* _Data extracts_:
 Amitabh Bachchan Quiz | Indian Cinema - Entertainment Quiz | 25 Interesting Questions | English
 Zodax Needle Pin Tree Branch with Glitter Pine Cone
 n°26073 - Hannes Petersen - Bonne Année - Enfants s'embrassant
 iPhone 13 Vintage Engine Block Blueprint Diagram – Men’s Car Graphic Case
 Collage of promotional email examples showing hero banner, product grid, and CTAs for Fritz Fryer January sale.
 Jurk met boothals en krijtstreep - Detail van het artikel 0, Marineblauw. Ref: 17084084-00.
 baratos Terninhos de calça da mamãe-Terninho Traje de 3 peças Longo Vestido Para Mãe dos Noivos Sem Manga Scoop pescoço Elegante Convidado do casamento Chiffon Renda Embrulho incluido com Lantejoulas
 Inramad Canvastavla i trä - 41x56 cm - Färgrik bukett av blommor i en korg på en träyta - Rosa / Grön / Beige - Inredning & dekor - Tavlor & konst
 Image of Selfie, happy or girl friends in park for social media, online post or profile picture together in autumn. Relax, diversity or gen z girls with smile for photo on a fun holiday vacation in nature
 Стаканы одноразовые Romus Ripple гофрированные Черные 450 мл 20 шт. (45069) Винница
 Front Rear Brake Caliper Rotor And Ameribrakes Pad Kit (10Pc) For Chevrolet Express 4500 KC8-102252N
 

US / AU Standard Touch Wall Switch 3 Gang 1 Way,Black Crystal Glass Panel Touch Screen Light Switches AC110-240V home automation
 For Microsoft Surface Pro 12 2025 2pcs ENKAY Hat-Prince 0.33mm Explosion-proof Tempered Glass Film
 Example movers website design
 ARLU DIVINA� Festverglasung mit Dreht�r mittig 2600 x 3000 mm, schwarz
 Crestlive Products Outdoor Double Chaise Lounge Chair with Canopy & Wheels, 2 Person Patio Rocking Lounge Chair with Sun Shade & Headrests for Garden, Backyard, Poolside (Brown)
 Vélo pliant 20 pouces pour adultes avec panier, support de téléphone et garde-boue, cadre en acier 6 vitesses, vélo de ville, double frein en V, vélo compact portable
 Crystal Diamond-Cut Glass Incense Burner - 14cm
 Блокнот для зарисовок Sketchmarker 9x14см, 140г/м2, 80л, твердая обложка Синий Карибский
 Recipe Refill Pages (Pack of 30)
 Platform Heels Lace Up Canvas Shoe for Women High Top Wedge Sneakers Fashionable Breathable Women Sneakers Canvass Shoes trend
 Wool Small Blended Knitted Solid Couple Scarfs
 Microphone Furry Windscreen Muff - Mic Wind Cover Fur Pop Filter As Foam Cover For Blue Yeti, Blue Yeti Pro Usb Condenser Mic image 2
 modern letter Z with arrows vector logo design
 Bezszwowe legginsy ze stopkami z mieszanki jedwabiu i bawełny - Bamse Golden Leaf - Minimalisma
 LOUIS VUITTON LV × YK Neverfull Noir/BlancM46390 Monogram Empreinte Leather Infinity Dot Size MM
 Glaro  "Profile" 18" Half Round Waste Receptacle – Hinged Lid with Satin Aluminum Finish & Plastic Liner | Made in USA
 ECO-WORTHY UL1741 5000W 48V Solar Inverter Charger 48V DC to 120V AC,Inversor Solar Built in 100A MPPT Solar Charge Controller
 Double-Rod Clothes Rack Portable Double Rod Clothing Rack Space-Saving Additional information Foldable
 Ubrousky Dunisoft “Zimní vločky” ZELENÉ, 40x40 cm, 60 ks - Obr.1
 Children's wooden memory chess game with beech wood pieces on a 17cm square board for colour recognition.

* _Exercise requirements_: Copy back the listing above exactly, but only from the line with "Front Rear Brake" through the line with "For Microsoft Surface", both ends included.

* _Written solution_:
 Front Rear Brake Caliper Rotor And Ameribrakes Pad Kit (10Pc) For Chevrolet Express 4500 KC8-102252N
 

US / AU Standard Touch Wall Switch 3 Gang 1 Way,Black Crystal Glass Panel Touch Screen Light Switches AC110-240V home automation
 For Microsoft Surface Pro 12 2025 2pcs ENKAY Hat-Prince 0.33mm Explosion-proof Tempered Glass Film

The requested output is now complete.